[Start of Attachment]
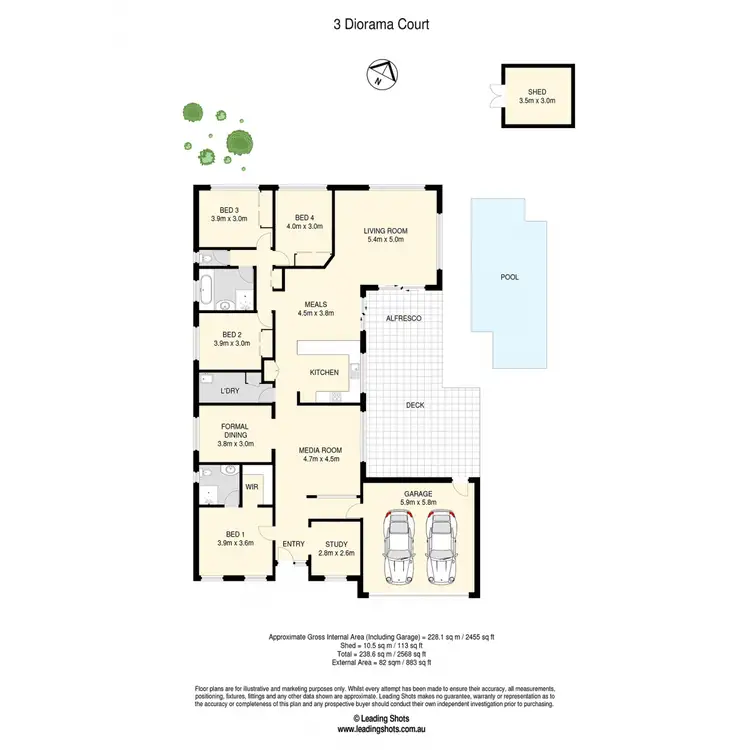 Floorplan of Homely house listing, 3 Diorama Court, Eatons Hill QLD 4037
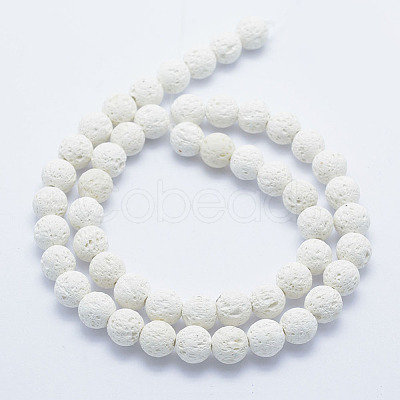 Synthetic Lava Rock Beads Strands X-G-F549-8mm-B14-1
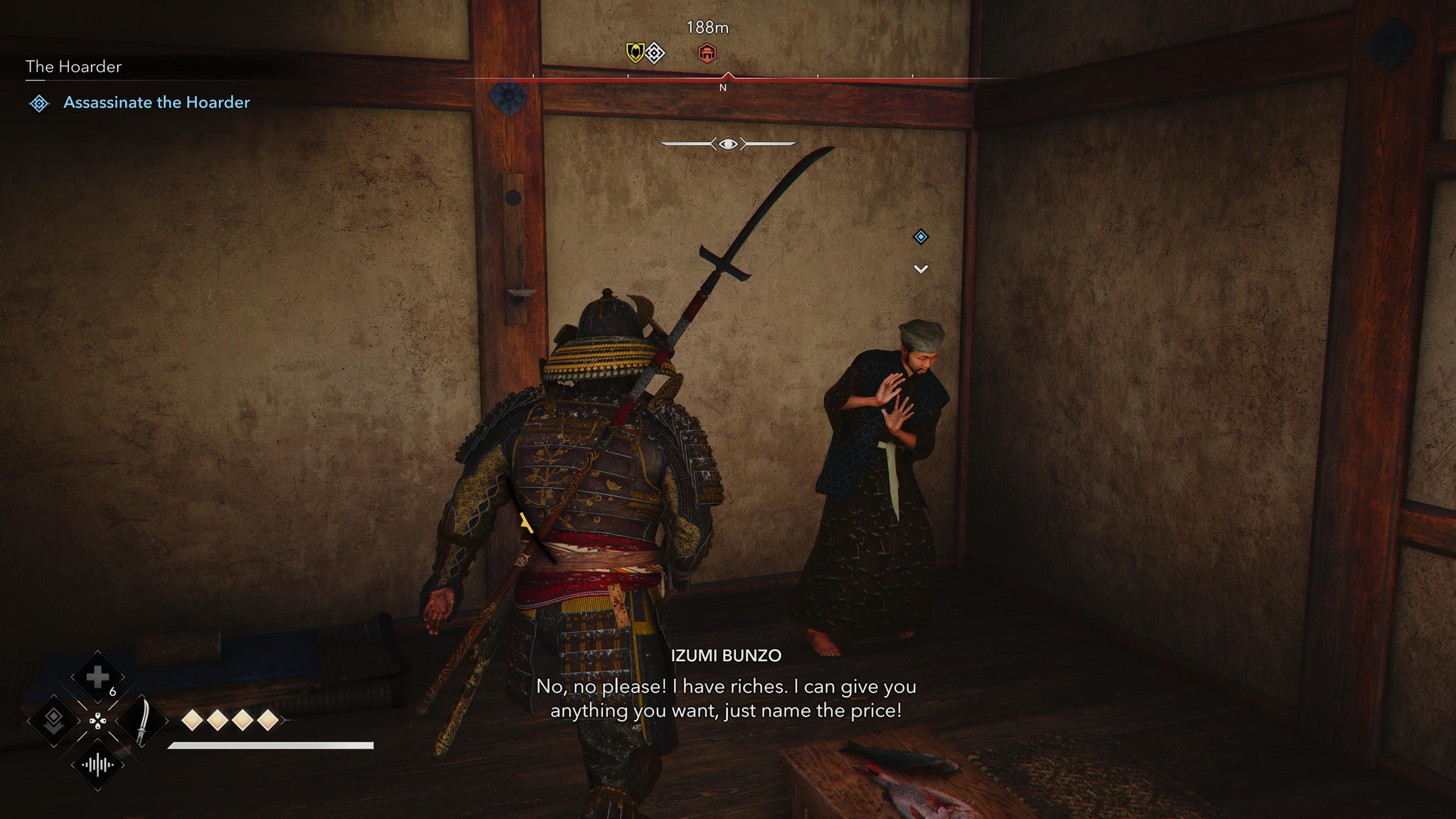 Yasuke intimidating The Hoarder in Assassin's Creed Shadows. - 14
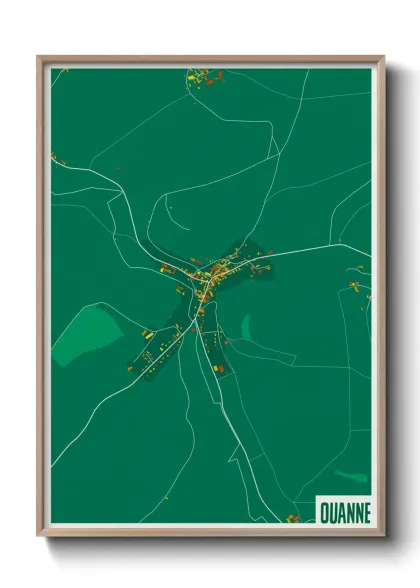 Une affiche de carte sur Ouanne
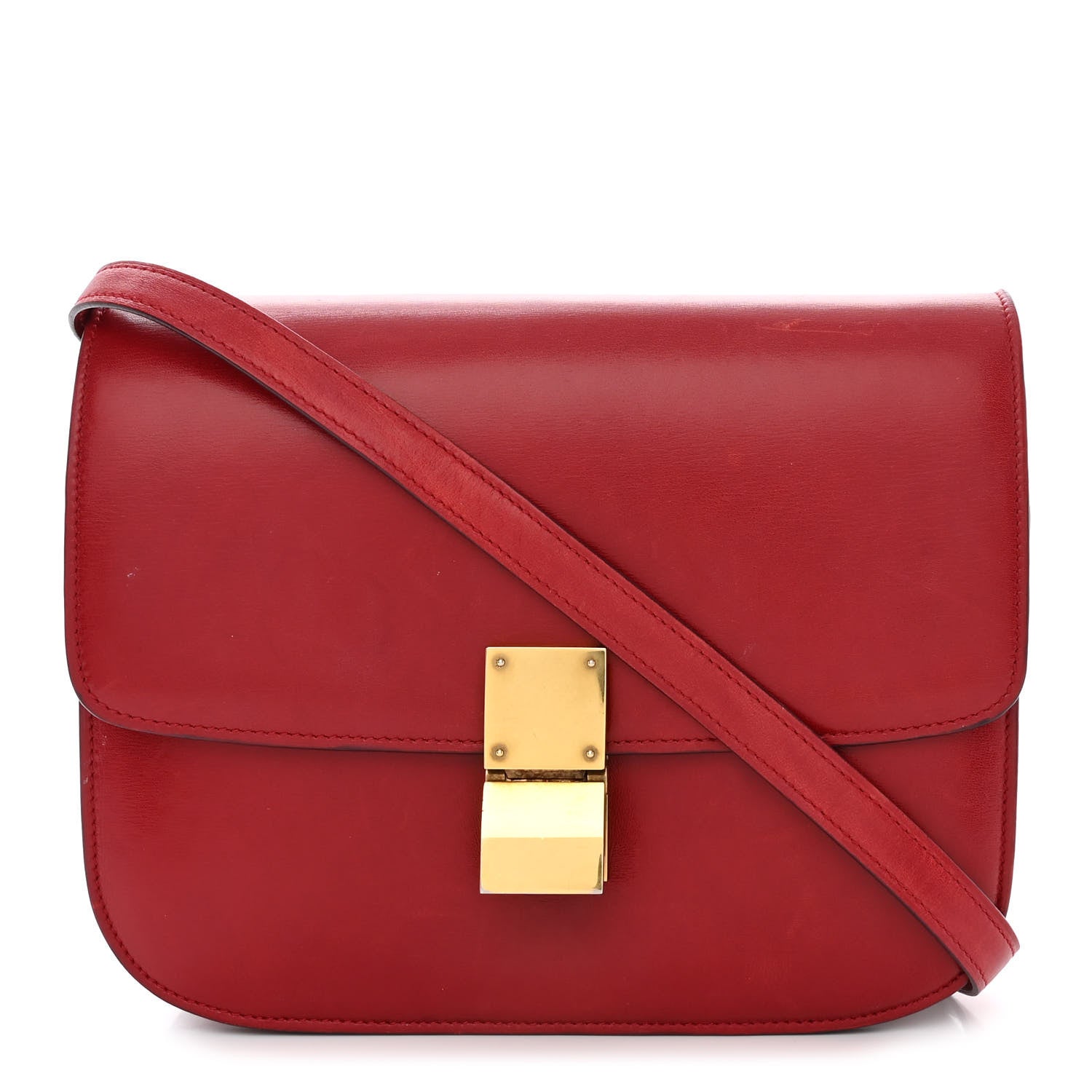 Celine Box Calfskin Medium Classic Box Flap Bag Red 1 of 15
[End of Attachment]
[Start of Attachment]
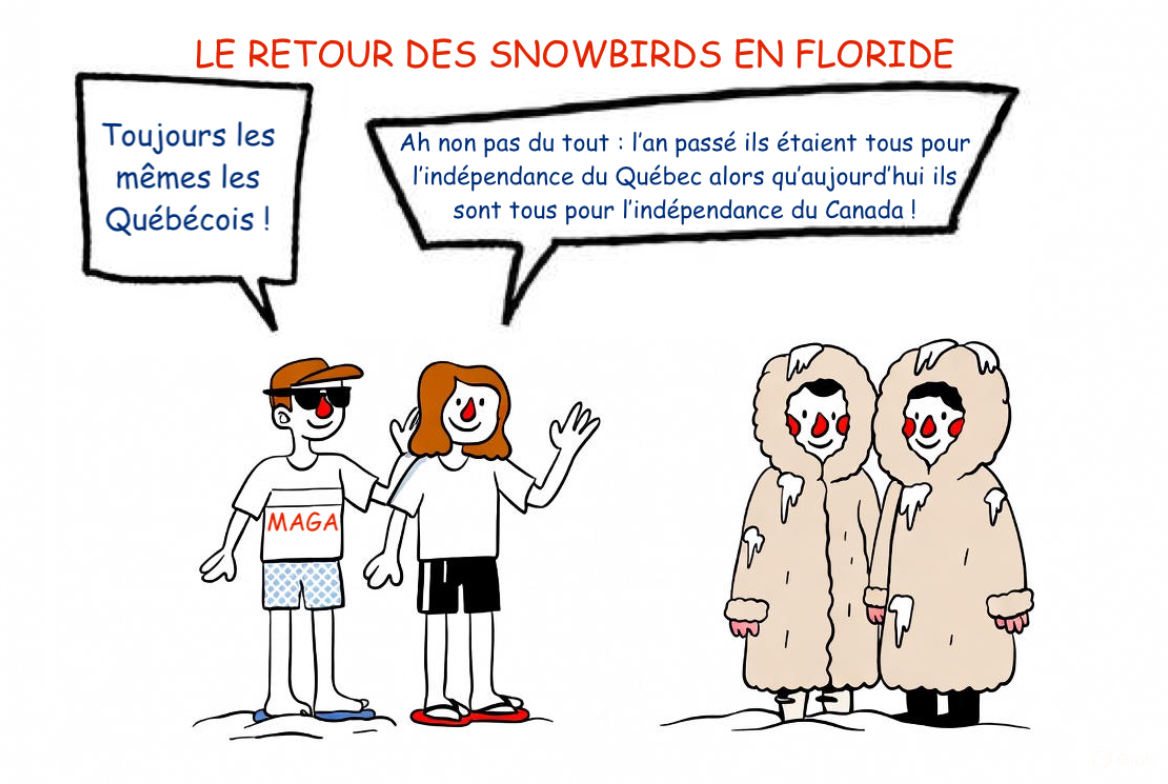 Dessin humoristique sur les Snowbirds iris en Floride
[End of Attachment]
* TASK *
Starting at the line containing "Synthetic Lava Rock" and stopping at the line containing "Celine Box Calfskin", output every line above exactly, both ends included, with pictures omitted.

* RESPONSE AREA *
 Synthetic Lava Rock Beads Strands X-G-F549-8mm-B14-1
 Yasuke intimidating The Hoarder in Assassin's Creed Shadows. - 14
 Une affiche de carte sur Ouanne
 Celine Box Calfskin Medium Classic Box Flap Bag Red 1 of 15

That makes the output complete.